From Cardiff to Bangor, via Hay-on-Wye, Machynlleth, and more between, at each location the campaign organisation This is Rubbish (TiR) will set up a food waste cafe. The team will host a two-day program at the cafe, featuring workshops, games and creativity, followed by a food waste feast for 30 people each evening.
While raising awareness of the problem of food waste and the associated environmental issues, TiR also wants to promote solutions in a fun, engaging and creative way. Through community and arts-led public events, TiR founders Caitlin Shepherd, Kate Blair and Rachel Solnick, believe that celebration can be an effective means of communicating needed change.
“It allows people to have fun first, then engage with the issue of food waste,” said Caitlin. “The irony with This is Rubbish feasts is that we celebrate an abundance that’s been declared useless.”
The organisation are targeting industry and retailers – the largest contributors to food waste in the UK – with some sincere calls for policy change. TiR want all members of the food sector to report on the food waste they generate in their activities, with annual reports audited and publicised by an independent commission. At the same time the government should introduce an obligation upon the food sector to reduce food waste, the organisation believes.
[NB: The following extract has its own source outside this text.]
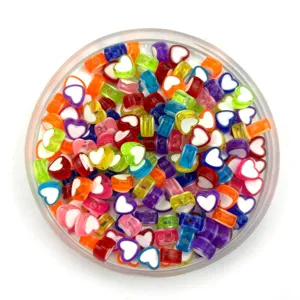 Transparent mixed color heart beads detail view, colorful DIY bracelet jewelry making accessories.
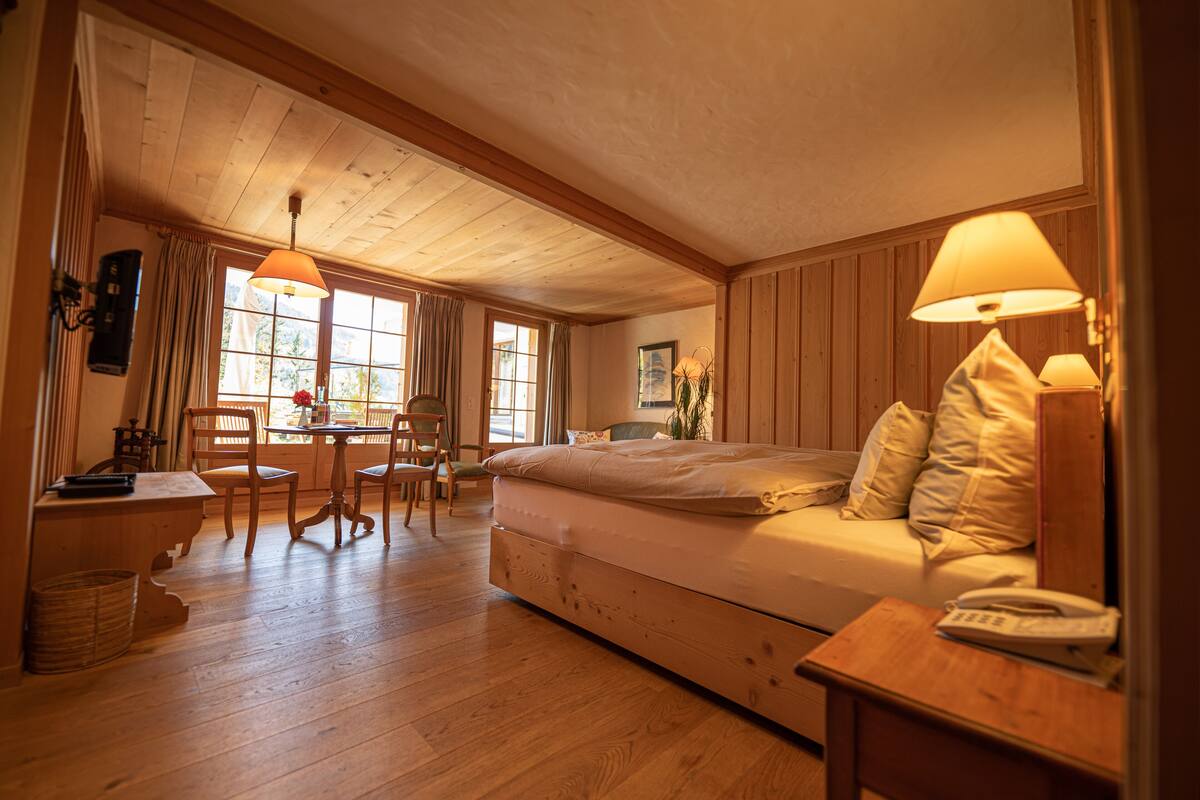 A cozy room with a bed, a desk, and a chair. There is a window with curtains, a lamp, and a telephone on the bedside table.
“These policy asks sound simple,” says Kate, “but they haven’t been done yet.” TiR aims to put pressure on the people who have the power to instigate these changes. During the feast tour, the group will host discussion and talks by policy advisors, researchers and artists, inspiring consumers to take action within their own lifestyles.
“If we can leave people feeling empowered with new skills and an increased understanding of the issue of food waste and the wider issue of food sustainabil ity, then surely that’s a good thing,” said Caitlin.
“Feast is an experience where people come together to celebrate what they can do together.”
Supporting the tour are a group of mentors, including: Clare Patey, artist and curator of the London event, Feast on The Bridge; Peter Gringold, director of arts and climate change organisation, Tipping Point; Geoff Tansey, Food Ethics Council advisor; Tim Lang, professor of food policy at City University London; Carolyn Steel, author of Hungry City: How Food Shapes Our Lives; and Guy Shrubsole, director at the Public Interest Research Centre.
The This is Rubbish team started campaigning against food waste during the Climate Camp 2009 event – before they had formed TiR as an organisation – where they provided people with pedal-powered food waste smoothies. Catching eyes and ears of others in the food waste debate, they were then invited to participate in events such as Feeding the 5000 in Trafalgar Square and a programme of food sustainability talks and workshops throughout 2010, including a mass fruit salad toss, in collaboration with the Arcola Theatre in London.
Awarded a grant from the People’s Millions in December 2010, This is Rubbish are rapidly expanding. From a small team of dedicated volunteers, they have now become a community interest company (CIC) and are all pedals ahead for their feast tour of Wales this year.